Lancelot looks at me thoughtfully. "I am a knight, lady. 'Tis my job to help maidens who are in need of my services."
Oh. Well, okay. I guess it's
just a chivalry thing. For a moment everything seems good. We've got a plan. I've got a sexy new brother—eat your heart out, Jerry Springer. Then I realize it doesn't really matter if anyone buys the idea of my belonging in medieval times, because I don't want to belong here in the first place.
Depression sets back in. I've got a great life back home that I want to return to. A prestigious, if not high-paying, job, supportive friends, a fuzzy dog who I'm sure most desperately wants to go out to pee.
"The thing is, though, Lance"—I sigh—"all I really want to do is get back to where I come from. Got any insights on that one?"
Lancelot thinks for a moment. "On the way back to Camelot we could make the journey to Avalon. If anyone is to know how to get you back to your world, the Lady of the Lake will. We shall consult with her."

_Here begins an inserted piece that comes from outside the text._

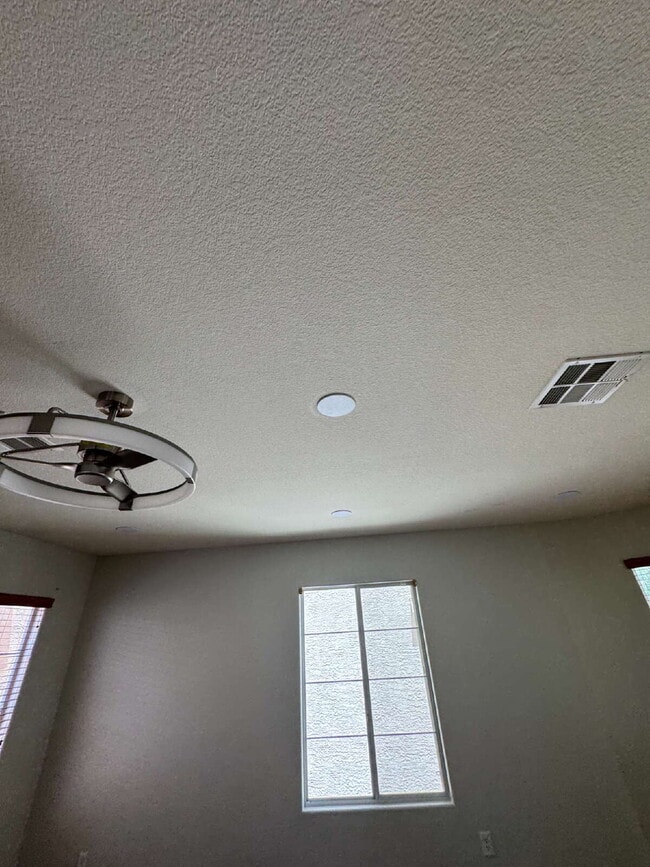 Building Photo - 3 Bed 3.5 Bath Summerlin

"Okay," I say a little skeptically. Like, really, how the hell's she going to know? Are time travelers an everyday occurrence for the pagans of medieval England? Doubt it. And as far as I'm concerned, it's going to take more than medieval hocus-pocus goddess worship to get me back to the future. Where, oh, where is a time machine when you need one?
I sigh and resign myself to giving the priestess a try. After all, it's not like I've got a plan B. "When do we leave?"
"You do not appear well enough to travel," Lancelot says, looking concerned.
"I'm fi—" I try to sit up and simultaneously feel pain in my head and nausea in my stomach. I lie back down. "You're right. There's no way I can get on a horse today."
"We are very near the castle of King Leodegrance, Queen Guenevere's father. It was too late to announce our presence last night. However, this morn we will be welcomed." He looks around the room with a rueful grin. "I promise the accommodations will be more suitable for a lady than this hovel."